:: Material to process ::
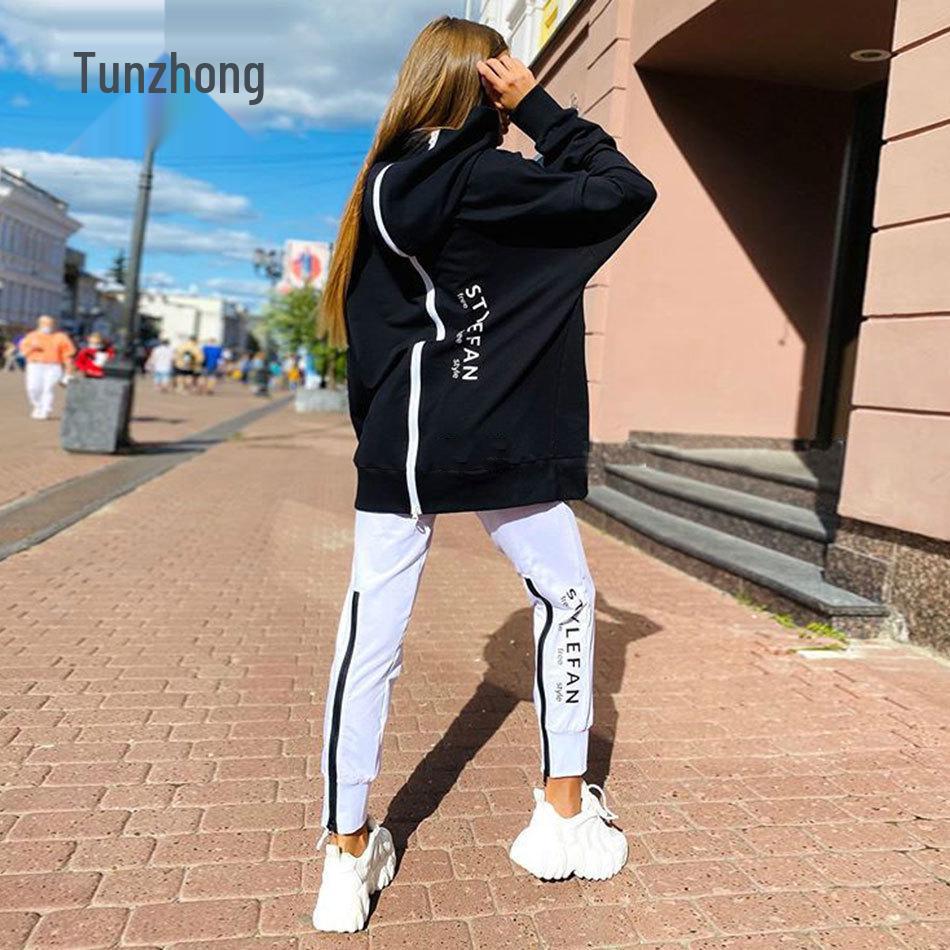 Women's European & American Fashion Set: Reversible Zip-Up Letter Print Loose Sweatshirt + Long Pants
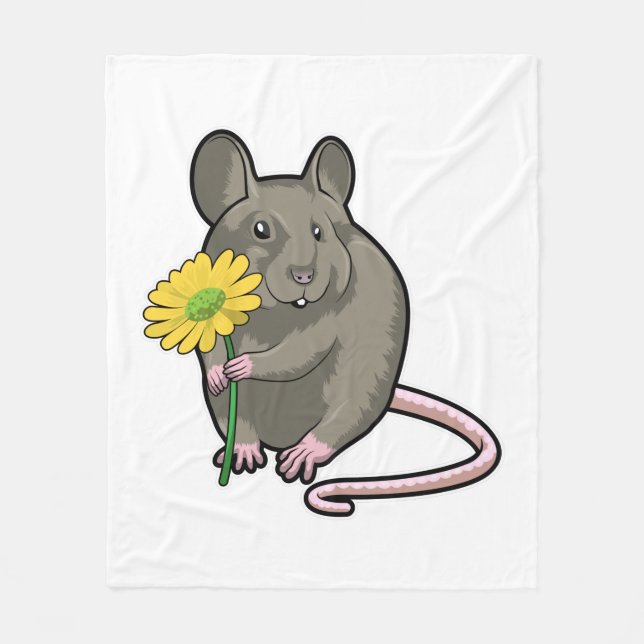 Rat with yellow Flower Fleecefilt (Framsidan)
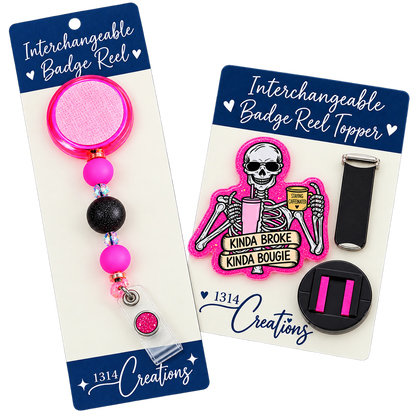 Broke, Bougie & Clocked | Interchangeable Beaded Badge Reel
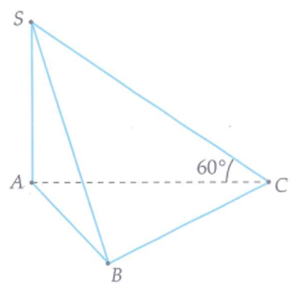 Cho hình chóp S.ABC có ABC là tam giác đều, SA vuông góc với đáy và góc tạo bởi SC và mặt phẳng (ABC) bằng 60 . Biết diện tích mặt cầu ngoại tiếp hình chóp S.ABC bằng  . Khi đó thể tích V của khối chóp S.ABC bằng bao nhiêu (ảnh 1)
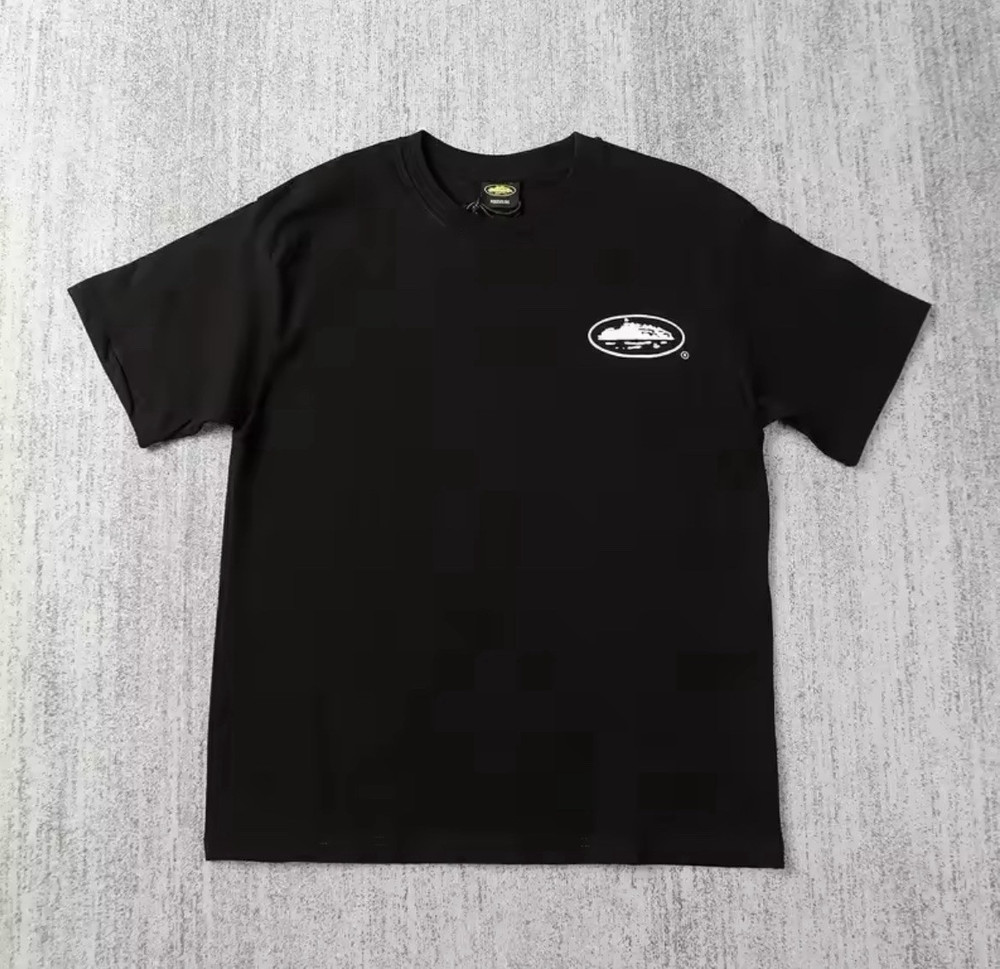 Corteiz Men's Black Cotton Knit Crew Neck Short Sleeve Graphic Logo T-Shirt M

:: Task details ::
Word for word, give again the lines from the line with "Rat with yellow" through the end of the records above, with both ends included and the pictures left out.

:: Final answer ::
 Rat with yellow Flower Fleecefilt (Framsidan)
 Broke, Bougie & Clocked | Interchangeable Beaded Badge Reel
 Cho hình chóp S.ABC có ABC là tam giác đều, SA vuông góc với đáy và góc tạo bởi SC và mặt phẳng (ABC) bằng 60 . Biết diện tích mặt cầu ngoại tiếp hình chóp S.ABC bằng  . Khi đó thể tích V của khối chóp S.ABC bằng bao nhiêu (ảnh 1)
 Corteiz Men's Black Cotton Knit Crew Neck Short Sleeve Graphic Logo T-Shirt M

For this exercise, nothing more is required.